Le modèle ibérique est souvent présenté comme une solution efficace à la hausse des prix de l’électricité. En plafonnant le prix du gaz utilisé pour produire de l’électricité, l’Espagne et le Portugal auraient réussi à protéger les consommateurs. Mais cette lecture repose sur une confusion fondamentale : on ne supprime pas un coût en le plafonnant, on le déplace. Derrière la baisse apparente des factures, se cache un système plus fragile, plus coûteux et potentiellement déstabilisateur.
L’artifice comptable
Le cœur du mécanisme ibérique repose sur une idée simple : limiter le prix du gaz dans la formation du prix de l’électricité. En pratique, le gaz continue d’être acheté au prix du marché, souvent élevé. La différence entre ce prix réel et le prix plafonné est ensuite compensée.

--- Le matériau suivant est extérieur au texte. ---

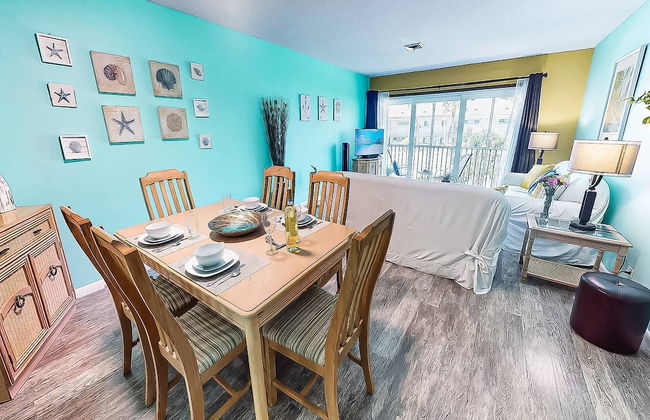 Kingston Arms On Lido Key 1BR - Foto 19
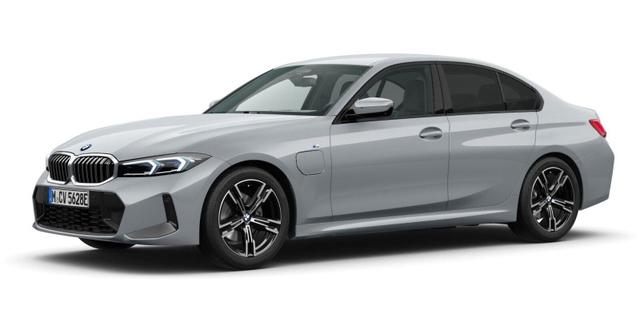 BMW 3er - M Sportpaket 330e Limousine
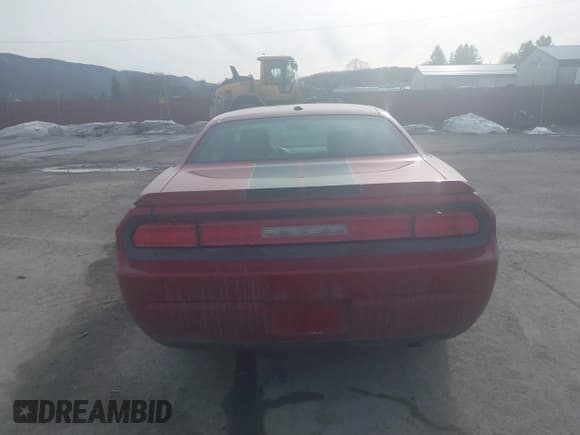 ✅ 2010 Dodge Challenger SE • VIN: 2B3CJ4DV3AH322783 • Lot: 41452099. Wystawiony na IAAI z przebiegiem 132 508 mil. Bezpłatny archiwum sprzedaży aukcyjnych z USA i szczegółowy raport historii pojazdu na DreamBid. Zdjęcie 16.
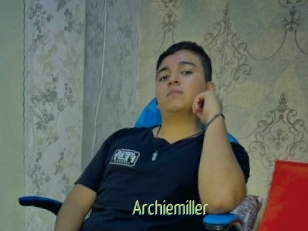 Archiemiller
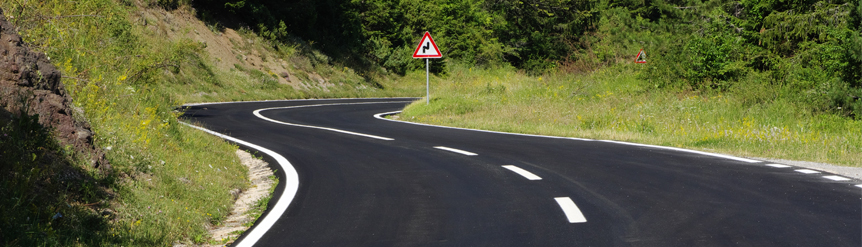 Estado de carreteras 2017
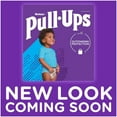 thumbnail image 2 of Huggies Pull-Ups Training Pants for Boys (Choose Your Size), 2 of 2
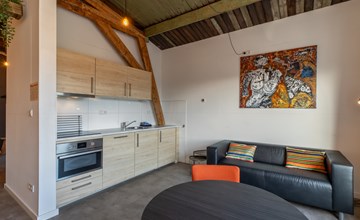 Ferienwohnung - Dorpsplein 6 | Koudekerke "Pleinzicht 6a" 3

Ce point est essentiel. Il ne s’agit pas d’une énergie moins chère, mais d’une énergie partiellement subventionnée. La facture n’est pas supprimée, elle est différée. Elle peut prendre la forme d’une taxe de compensation, d’un prélèvement indirect ou d’un financement public. Dans tous les cas, elle existe.
Ce déplacement du coût introduit une opacité. L’utilisateur final voit une baisse sur sa facture d’électricité, mais il ne perçoit pas nécessairement les mécanismes qui la rendent possible. Le système fonctionne donc comme un amortisseur artificiel, qui masque la réalité des prix sans la modifier.
Cette logique a des conséquences directes sur les producteurs. En imposant des prix bas, on réduit leurs marges. Or ces marges sont essentielles pour financer la maintenance des infrastructures et les investissements futurs. Lorsque les revenus sont contraints, les dépenses le sont aussi.
C’est précisément ce que soulignent plusieurs analyses récentes : un manque d’investissements dans la stabilité du réseau. Ce phénomène n’est pas immédiat, mais cumulatif. À court terme, le système semble fonctionner. À moyen terme, il s’expose à des tensions croissantes.
Cette logique crée aussi une dépendance politique au dispositif lui-même. Une fois les prix artificiellement abaissés, revenir à un fonctionnement normal devient difficile sans provoquer un choc tarifaire. Le mécanisme, pensé comme temporaire, tend alors à se prolonger, transformant une mesure d’urgence en structure durable, avec ses coûts cumulés.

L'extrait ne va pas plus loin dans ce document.